Now $R$ and $U_\Sigma$ are distinguished by the predicate $\sum_{i=1}^k f_i(x) \geq tk$, which is just a linear threshold function applied to a small set of functions from $F$, as promised.

Actually I have skipped an important step: outside of the exceptional set, $\sum_i f_i(x)/k$ is going to be close to $\bar f(x)$ but not identical, and this could lead to problems. For example, in (3) $\bar f(R)$ might typically be larger than $t$ only by a tiny amount, and $\sum_i f_i(x)/k$ might consistently underestimate $\bar f$ in $R$. If so, $Pr [ \sum_{i=1}^k f_i(R) \geq tk ]$ could be a completely different quantity from $Pr [\bar f(R)\geq t]$.

To remedy this problem, we note that, from (1), we can also derive the more "robust" distinguishing statement
(2') $Pr[\bar f(D)\geq t+\epsilon/2] - Pr[\bar f(U_S) \geq t] >\epsilon/2$
from which we get
(3') $Pr[\bar f(R)\geq t+\epsilon/2] - Pr[\bar f(U_\Sigma) \geq t] >\delta \epsilon/2 $

And now we can be confident that even replacing $\bar f$ with an approximation we still get a distinguisher.

The statement needed in number-theoretic applications is stronger in a couple of ways. One is that we would like $F$ to contain bounded functions $f:\Sigma \rightarrow [0,1]$ rather than boolean-valued functions. Looking back at our proof, this makes no difference. The other is that we would like $h(x)$ to be a function of the form $h(x) = \Pi_{i=1}^k f_i(x)$ rather than a general composition of functions $f_i$. This we can achieve by approximating a threshold function by a polynomial of degree $poly(1/\epsilon,1/\delta)$ using the Weierstrass theorem, and then choose the most distinguishing monomial. This gives a proof of the following statement, which is equivalent to Theorem 7.1 in the Tao-Ziegler paper.


Theorem (Green-Tao-Ziegler, General Case)
Let $\Sigma$ be a finite set, $F$ be a class of functions $f:\Sigma \to [0,1]$, $R$ be a distribution over $\Sigma$, $D$ be a $\delta$-dense distribution in $R$, $\epsilon>0$ be given.

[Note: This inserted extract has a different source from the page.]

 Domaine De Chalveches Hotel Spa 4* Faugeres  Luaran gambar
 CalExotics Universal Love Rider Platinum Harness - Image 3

Suppose that for every $M$ that is $\delta$-dense in $U_\Sigma$ there is an $f\in F$ such that
$| Pr[f(D)=1] - Pr[f(M)] = 1| >\epsilon$

Then there is a function $h:\Sigma \rightarrow \{0,1\}$ of the form $h(x) = \Pi_{i=1}^k f_i(x)$ where $k = poly(1/\epsilon,1/\delta)$ and $f_i \in F$ such that
$| Pr [f(R)=1] - Pr [ f(U_\Sigma) =1] | > exp(-poly(1/\epsilon,1/\delta))$

In this case, we too lose an exponential factor. Our proof, however, has some interest even in the number-theoretic setting because it is somewhat simpler than and genuinely different from the original one.